Activity —
In your copy, each line below is repeated exactly and no image appears.
=-=-=
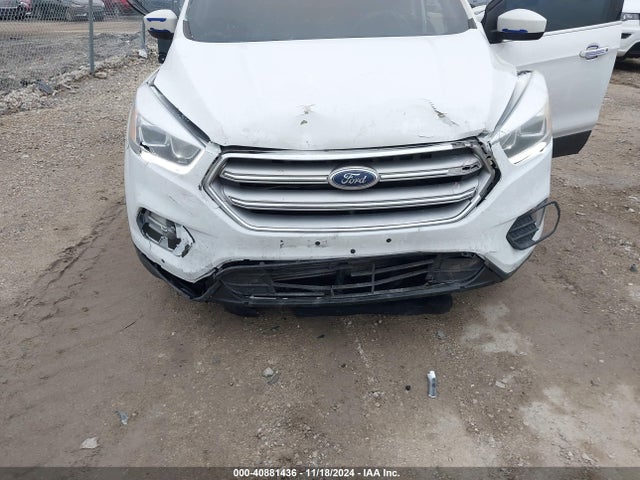 1FMCU0G94HUA55492 Ford ESCAPE SE
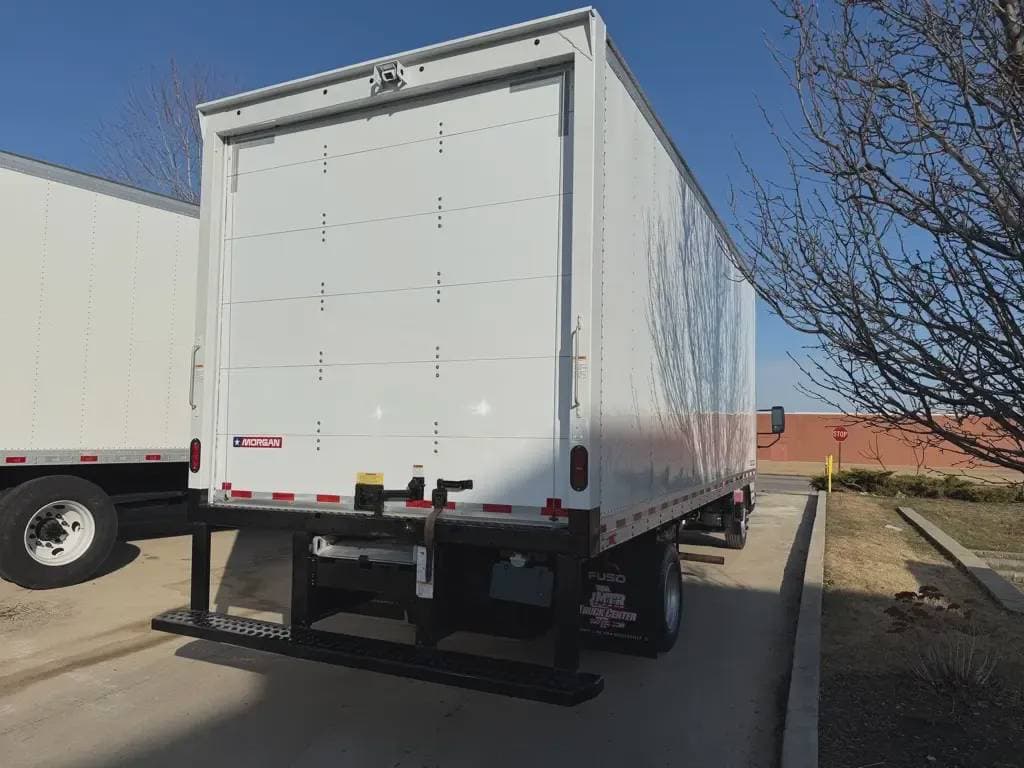 Used 2020 MITSUBISHI FUSO Cabover Truck - COE, Contractor Truck, Box Truck - Straight Truck FE For Sale image 4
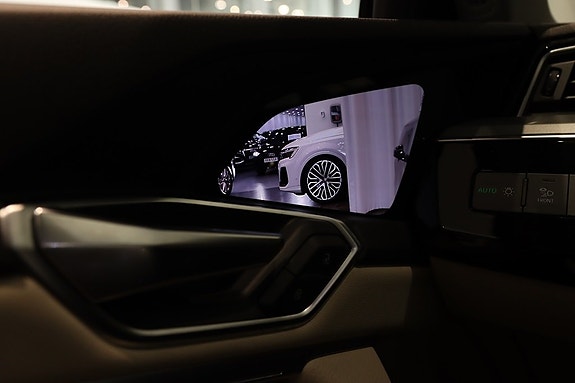 Audi e-tron 16 of 23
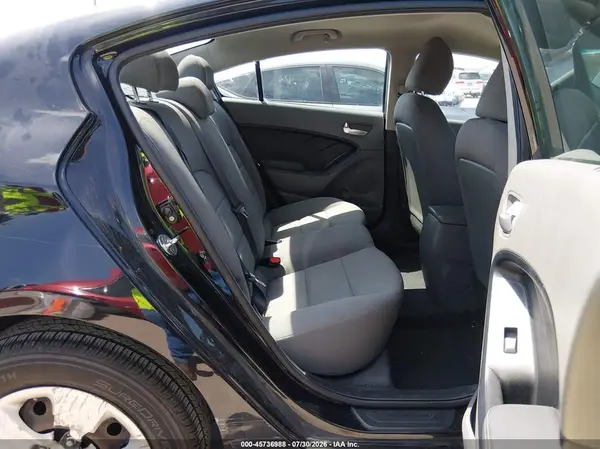 3KPFK4A79JE181325 2018 KIA FORTE - Image 8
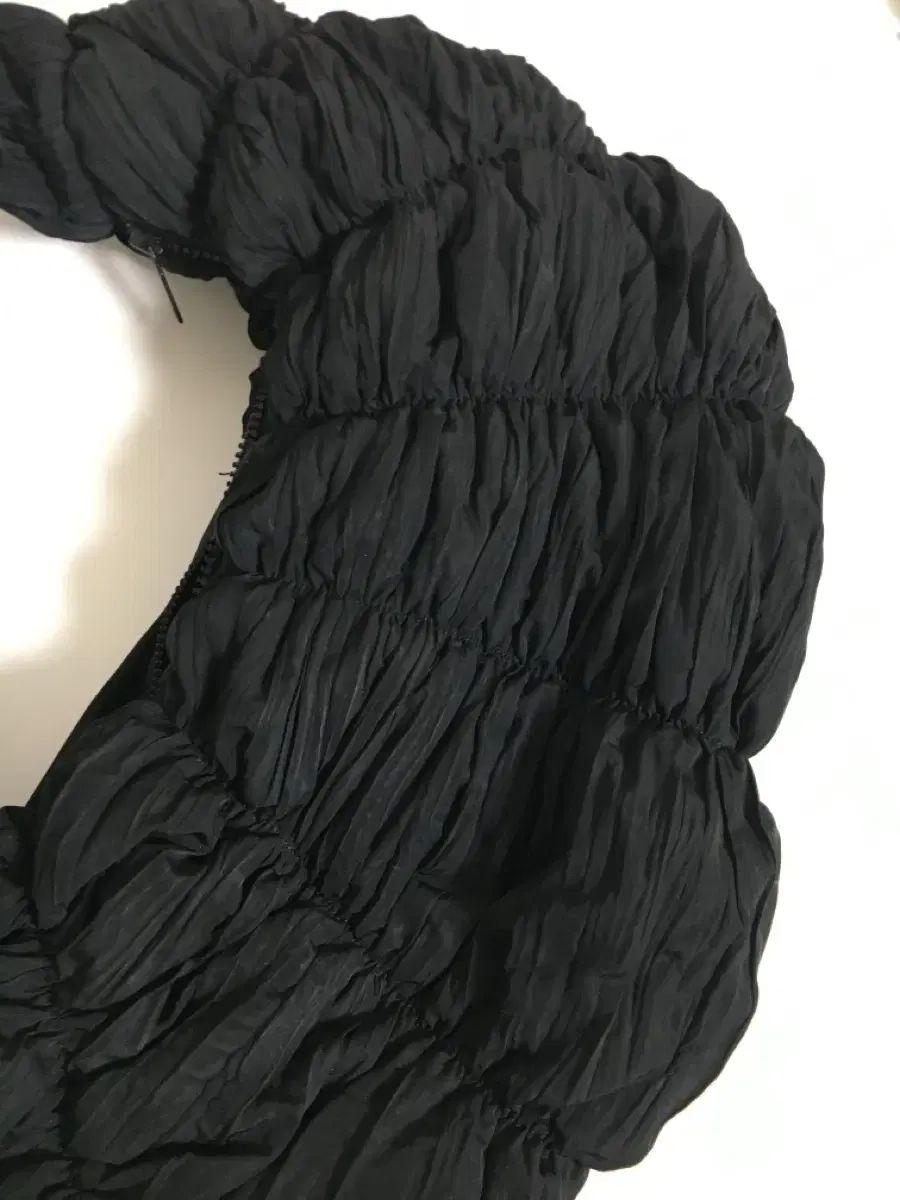 COS コス リップル クロスボディバッグ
=-=-=
Result below —
 1FMCU0G94HUA55492 Ford ESCAPE SE
 Used 2020 MITSUBISHI FUSO Cabover Truck - COE, Contractor Truck, Box Truck - Straight Truck FE For Sale image 4
 Audi e-tron 16 of 23
 3KPFK4A79JE181325 2018 KIA FORTE - Image 8
 COS コス リップル クロスボディバッグ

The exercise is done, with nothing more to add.